Notably, real yield differentials between emerging and developed markets already sit at wide levels (having widened further in Q4), which could bolster local EM rates as a return driver in 2025.  

Discovering value in differentiation
While it is difficult to speculate on the precise impact of U.S. policy change, history tells us that blanket outcomes are not inevitable – for instance, some countries were impacted more by U.S. policy during Trump 1.0, and others less so. Moreover, broad generalizations about EM countries elide the significant differentiation that exists across the whole of the investment universe.

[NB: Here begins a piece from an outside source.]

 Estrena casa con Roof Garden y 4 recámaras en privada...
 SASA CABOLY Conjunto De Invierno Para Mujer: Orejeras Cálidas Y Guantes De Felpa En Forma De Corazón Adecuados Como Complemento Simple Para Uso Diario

And that differentiation is critical for discovering value in EM debt, particularly as it relates to economic policy. Fiscal laxity in Brazil, for example, caused market confidence to plummet and the currency to hit an all-time low against the U.S. dollar in December. In contrast, the Nigerian naira gained against the greenback in the month, as the central bank’s launch of a new FX trading platform instilled greater investor confidence.

Active advantage
Investors with significant research and analytical heft are best placed to understand how policy and institutional reform at the individual country level can drive fundamentals. This may prove particularly important at a time when economic reform, monetary policy and fiscal management are likely to matter more to investment outcomes.

Flexibility and market access are also likely to play a greater role, as they allow managers to execute on their country views. Investors able to take advantage of idiosyncratic opportunities, whether that be positioning in off-index credits or taking long or short positions in the currency, rates or spreads of a given market are best placed for investment success. This is especially true for investors who have optimised their trading infrastructure to access smaller, off-index markets that are often under-invested by the broader market and, therefore, less impacted by macro trends.

Lastly, strategies that hedge out U.S. Treasury duration for a purer EM debt exposure may find themselves better insulated from this potential source of yield volatility, which has been more pronounced into early 2025.

Bottom line – When the macro environment for EM debt appears uncertain or weak, investors should find strength in fundamentals. No two countries or credits are the same and significant variation exists across this broad and deep asset class, which has long-term investment potential that extends beyond any one quarter, or year, for that matter.


1 J.P. Morgan. As of December 27, 2024.

RISK CONSIDERATIONS

Diversification does not eliminate risk of loss. Investments in foreign markets entail special risks such as currency, political, economic, and market risks. The risks associated with emerging markets are magnified when investing in frontier emerging market securities.

DEFINITIONS

J.P. Morgan Government Bond Index-Emerging Markets (GBI-EM) Global Diversified is an emerging market debt benchmark that tracks local currency bonds issued by emerging market governments.

J.P. Morgan Emerging Markets Bond Index (EMBI) Global Diversified is an unmanaged index of USD-denominated bonds with maturities of more than one year issued by emerging markets governments.

J.P. Morgan Corporate Emerging Market Bond Index (CEMBI) Broad Diversified is an unmanaged index of USD-denominated emerging market corporate bonds.